I suggest data=writeback on the mount options, and figure out how get 
your devices to have write caching enabled.

Also check within the storage system itself for various caching 
options, especially enabling write caching.  And write-back caches 
will give even better performance than write-through if it gives you 
a choice between those.


At 02:00 PM 12/3/2011, Marek Kr?likowski wrote:
>Message: 1
>Date: Sat, 3 Dec 2011 20:32:30 +0100
>From: Marek Kr?likowski <admin at wset.edu.pl>
>Subject: [Ocfs2-users] Slow OCFS2 on very high-end hardware
>To: <ocfs2-users at oss.oracle.com>
>Message-ID: <6EB9AEE0D0994A44AA1BBEFC6B848B3A at SERWER>
>Content-Type: text/plain; charset="iso-8859-2"
>
>Hello
>Today i create a cluster with OCFS2.
>I name servers MAIL1 and MAIL2
>Both connect via HBA card with 2 links 4Gbit/s and EMC storage with FC RAID10.

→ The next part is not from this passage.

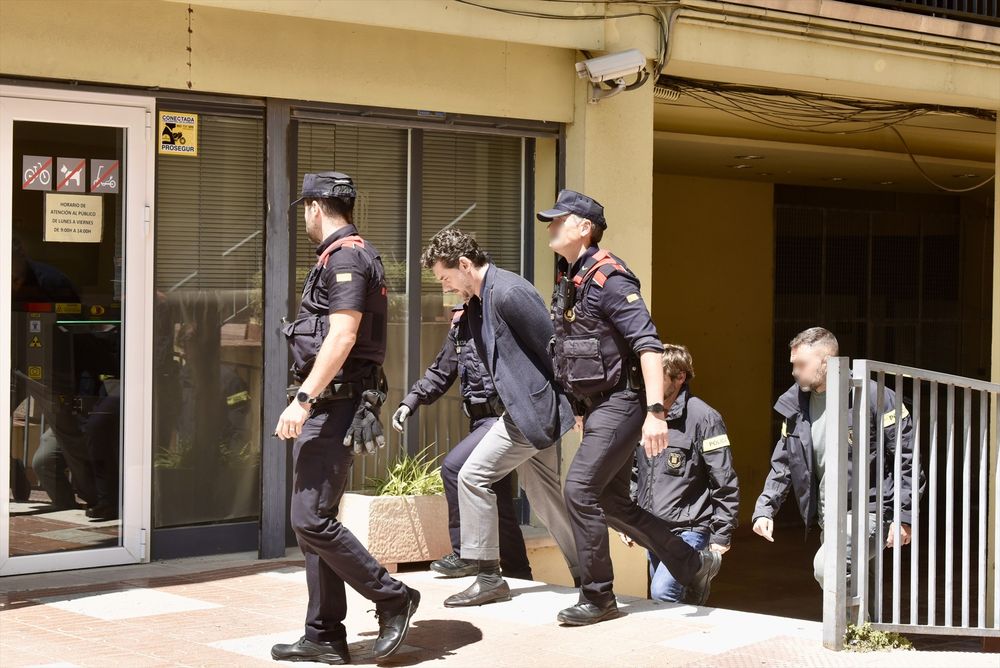 Jonathan Andic, el hijo del fundador de Mango, a su llegada al Juzgado de Instrucción 5 de Martorell, a 19 de mayo de 2026, en Martorell, Barcelona, Catalunya (España).&nbsp;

>Both connect to this same Cisco switch 1Gbit/s line.
>Hardware is awsome but ocfs2 work verrrry slow.
>I use Gentoo Linux with Kernel 3.0.6 and ocfs2-tools-1.6.4 that will 
>be postfix/imap/pop3 cluster with maildir support so there will be 
>many many directores and little files.
>I link /home to my ocfs2 and do few tests but work verry slow...
>When i write any file on server MAIL1 and try check mailbox from 
>MAIL2 working amazing slow...
>This is my first ocfs2 cluster so i am 100% sure i do something  wrong.....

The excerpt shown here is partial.